Task details: Print the records below exactly, from the line containing "SEMNALIZARI LED OXFORD PREMIUM NANO EL329" down to the line containing "For pride season", both lines included, and omit every picture.

Excerpted records:
== == ==

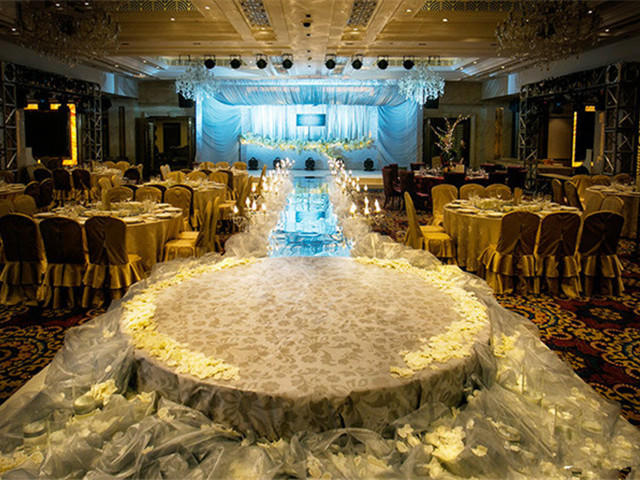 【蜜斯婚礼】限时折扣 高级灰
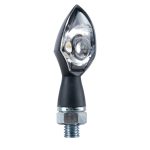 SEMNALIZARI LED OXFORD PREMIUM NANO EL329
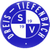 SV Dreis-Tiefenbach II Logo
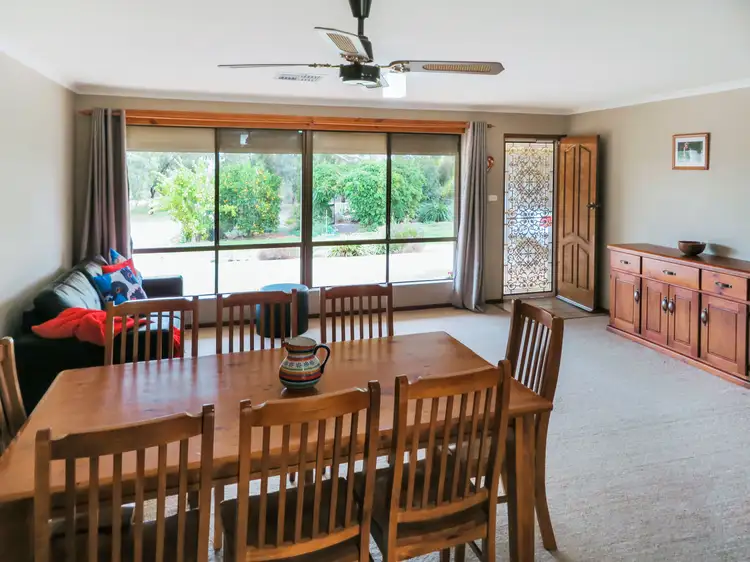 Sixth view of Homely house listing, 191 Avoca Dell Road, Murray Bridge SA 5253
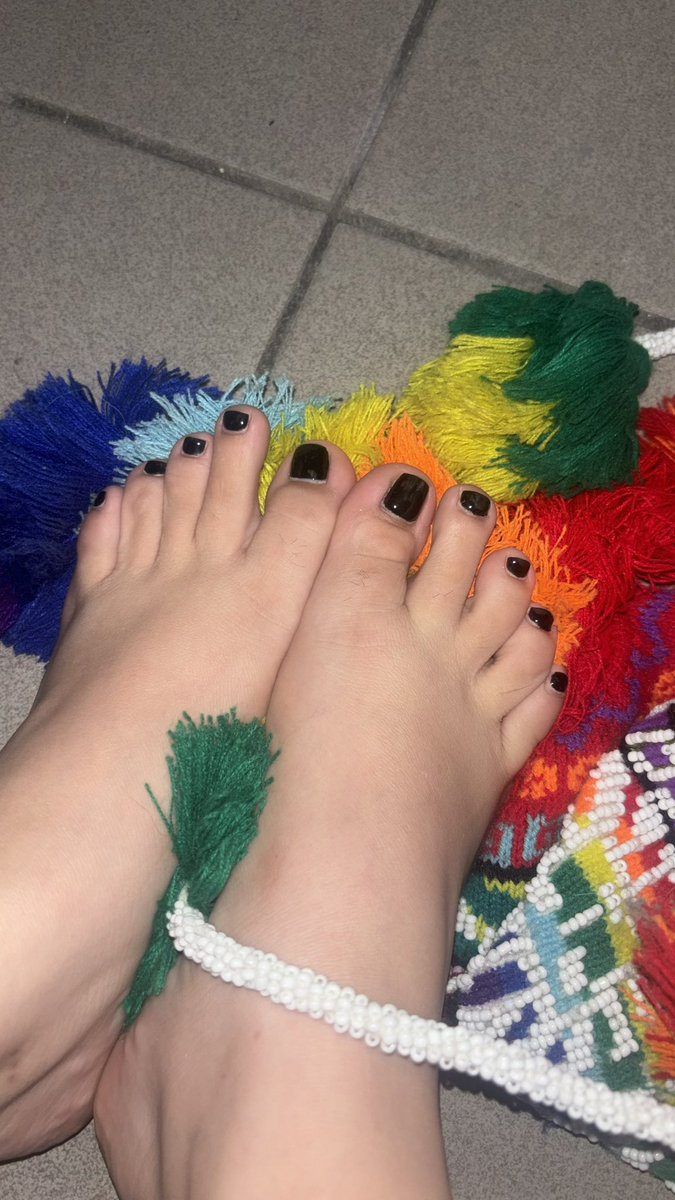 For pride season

== == ==

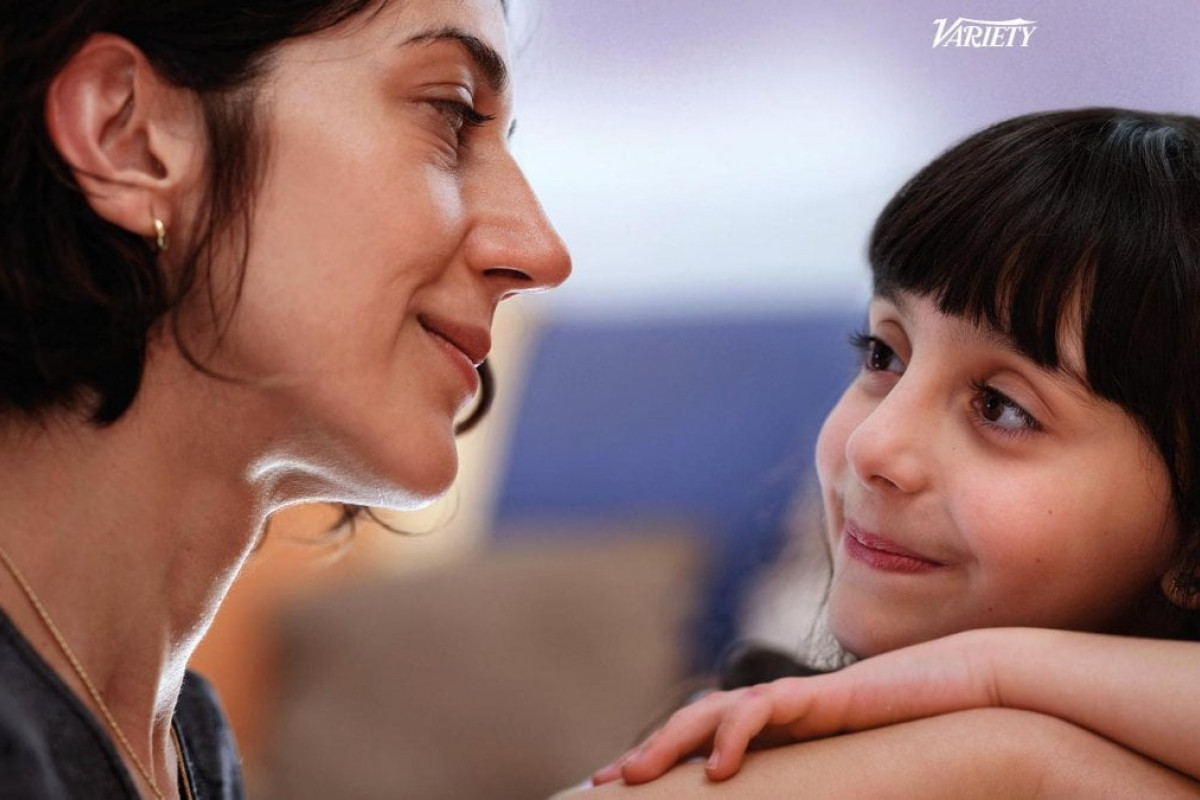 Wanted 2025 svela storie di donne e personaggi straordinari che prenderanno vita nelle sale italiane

== == ==

Response box:
 SEMNALIZARI LED OXFORD PREMIUM NANO EL329
 SV Dreis-Tiefenbach II Logo
 Sixth view of Homely house listing, 191 Avoca Dell Road, Murray Bridge SA 5253
 For pride season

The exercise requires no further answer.